Integration is the process of finding the integral of a function. It is essentially the opposite operation of differentiation. In this context, integration allows us to determine the cumulative sum or area under the curve of a function. When given an integral such as \(\int_{a}^{b} f(t) \, dt\), we use integration to find the total area between the curve \(f(t)\), the x-axis, and the vertical lines \(t = a\) and \(t = b\).
In our specific problem, the function \(h(x) = \int_{2}^{\frac{1}{x}} \arctan t \, dt\) involves integrating the function \(\arctan t\) between the limits \(t = 2\) and \(t = \frac{1}{x}\).
This setup is a classic example where the Fundamental Theorem of Calculus Part 1 is useful, as it relates integration and differentiation directly.

Derivatives represent the rate at which a function is changing at any given point. Differentiation is the process of calculating a derivative. It is a cornerstone concept in calculus, often used to find how a quantity changes with respect to another variable.
In the context of our problem, we need to find the derivative \(\frac{d}{dx}h(x)\) of the integral \(h(x) = \int_{2}^{\frac{1}{x}} \arctan t \, dt\). This derivative tells us how the value of this integral changes as the upper limit, \(\frac{1}{x}\), changes.
The main challenge here is dealing with the variable upper limit of integration, which requires additional technique beyond basic differentiation.

The chain rule is a powerful tool in differentiation used when dealing with composite functions—functions within functions. It allows us to differentiate a function based on the derivative of its inner and outer functions.
In our solution, the chain rule becomes particularly important. Since the upper limit of our integral \(h(x) = \int_{2}^{\frac{1}{x}} \arctan t \, dt\) is a function of \(x\), denoted as \(u(x) = \frac{1}{x}\), the chain rule helps us determine how to properly differentiate.
With the chain rule, we find that \(\frac{d}{dx}h(x) = \arctan\left(\frac{1}{x}\right) \cdot u'(x)\). The derivative of \(u(x)\) is \(u'(x) = -\frac{1}{x^2}\), leading to the complete derivative expression \(-\frac{\arctan\left(\frac{1}{x}\right)}{x^2}\).
This method allows us to successfully differentiate even with changing limits.

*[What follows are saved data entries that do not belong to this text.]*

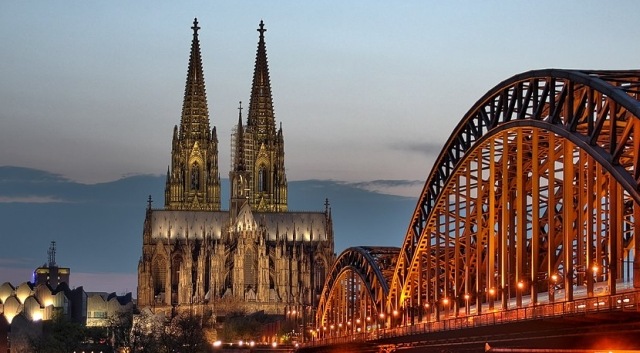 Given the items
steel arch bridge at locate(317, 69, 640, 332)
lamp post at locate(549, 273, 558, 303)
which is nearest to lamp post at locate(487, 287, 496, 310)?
steel arch bridge at locate(317, 69, 640, 332)

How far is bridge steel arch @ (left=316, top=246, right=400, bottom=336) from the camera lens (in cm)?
13962

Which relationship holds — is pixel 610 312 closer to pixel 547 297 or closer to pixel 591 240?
pixel 591 240

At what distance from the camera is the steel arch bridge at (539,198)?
73062 millimetres

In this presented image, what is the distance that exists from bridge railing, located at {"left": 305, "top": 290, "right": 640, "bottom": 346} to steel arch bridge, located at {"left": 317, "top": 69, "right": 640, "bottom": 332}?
1.22m

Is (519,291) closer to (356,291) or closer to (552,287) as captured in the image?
(552,287)

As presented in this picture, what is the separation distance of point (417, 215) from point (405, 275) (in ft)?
31.1

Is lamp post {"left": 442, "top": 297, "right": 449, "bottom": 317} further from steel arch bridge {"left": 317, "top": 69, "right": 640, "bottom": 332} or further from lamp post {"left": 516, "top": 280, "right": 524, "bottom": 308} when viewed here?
lamp post {"left": 516, "top": 280, "right": 524, "bottom": 308}

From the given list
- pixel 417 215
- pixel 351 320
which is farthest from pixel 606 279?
pixel 351 320

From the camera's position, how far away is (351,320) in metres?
160

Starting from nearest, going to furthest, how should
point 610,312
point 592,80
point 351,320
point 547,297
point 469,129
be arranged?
point 610,312 < point 592,80 < point 547,297 < point 469,129 < point 351,320

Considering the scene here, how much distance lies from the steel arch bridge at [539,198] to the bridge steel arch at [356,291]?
1646 centimetres

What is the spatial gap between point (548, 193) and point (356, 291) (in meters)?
74.5

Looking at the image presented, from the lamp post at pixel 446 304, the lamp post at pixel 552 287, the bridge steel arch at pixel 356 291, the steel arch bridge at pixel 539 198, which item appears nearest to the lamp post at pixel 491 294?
the steel arch bridge at pixel 539 198

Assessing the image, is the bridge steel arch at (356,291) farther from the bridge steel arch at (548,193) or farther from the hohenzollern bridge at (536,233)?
the bridge steel arch at (548,193) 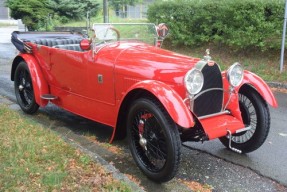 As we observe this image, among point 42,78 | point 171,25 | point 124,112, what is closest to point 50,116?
point 42,78

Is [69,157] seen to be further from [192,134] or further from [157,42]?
[157,42]

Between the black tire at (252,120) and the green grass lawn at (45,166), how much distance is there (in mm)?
1723

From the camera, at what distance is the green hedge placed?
30.1ft

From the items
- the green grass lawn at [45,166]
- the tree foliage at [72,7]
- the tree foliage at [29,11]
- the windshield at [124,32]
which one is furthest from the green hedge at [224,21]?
the tree foliage at [72,7]

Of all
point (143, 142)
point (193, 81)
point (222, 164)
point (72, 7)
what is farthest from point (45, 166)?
point (72, 7)

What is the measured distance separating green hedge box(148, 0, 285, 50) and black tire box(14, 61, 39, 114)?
5.92m

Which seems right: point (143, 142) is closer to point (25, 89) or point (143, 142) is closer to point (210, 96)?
point (210, 96)

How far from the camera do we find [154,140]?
3502mm

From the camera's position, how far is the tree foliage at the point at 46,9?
A: 689 inches

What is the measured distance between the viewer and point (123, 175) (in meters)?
3.36

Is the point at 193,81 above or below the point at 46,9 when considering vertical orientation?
below

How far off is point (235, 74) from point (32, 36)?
13.9 ft

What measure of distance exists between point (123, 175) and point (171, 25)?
8477 mm

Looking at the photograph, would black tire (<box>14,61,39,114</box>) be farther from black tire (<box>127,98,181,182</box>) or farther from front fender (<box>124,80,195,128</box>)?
front fender (<box>124,80,195,128</box>)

Changing variables is a technique used in both integration and differentiation to simplify a problem by substituting variables. This tactic often makes complex problems more manageable by using new variables that fit the situation better.
For the function \(h(x) = \int_{2}^{\frac{1}{x}} \arctan t \, dt\), a change of variables is necessary due to the variable upper limit of integration. We define \(u(x) = \frac{1}{x}\) to create a standard form that we can differentiate more easily.
By substituting \(u(x)\) for \(\frac{1}{x}\), we transform the problem into one where the Fundamental Theorem of Calculus and the chain rule can be applied effectively. This change not only simplifies the differentiation process but also aligns the integral within a usable method.

• Identify the function to change, such as \(u(x) = \frac{1}{x}\).
• Substitute \(u\) into the function and proceed with solving.

This approach is key in translating a seemingly complex problem into a standard calculus procedure.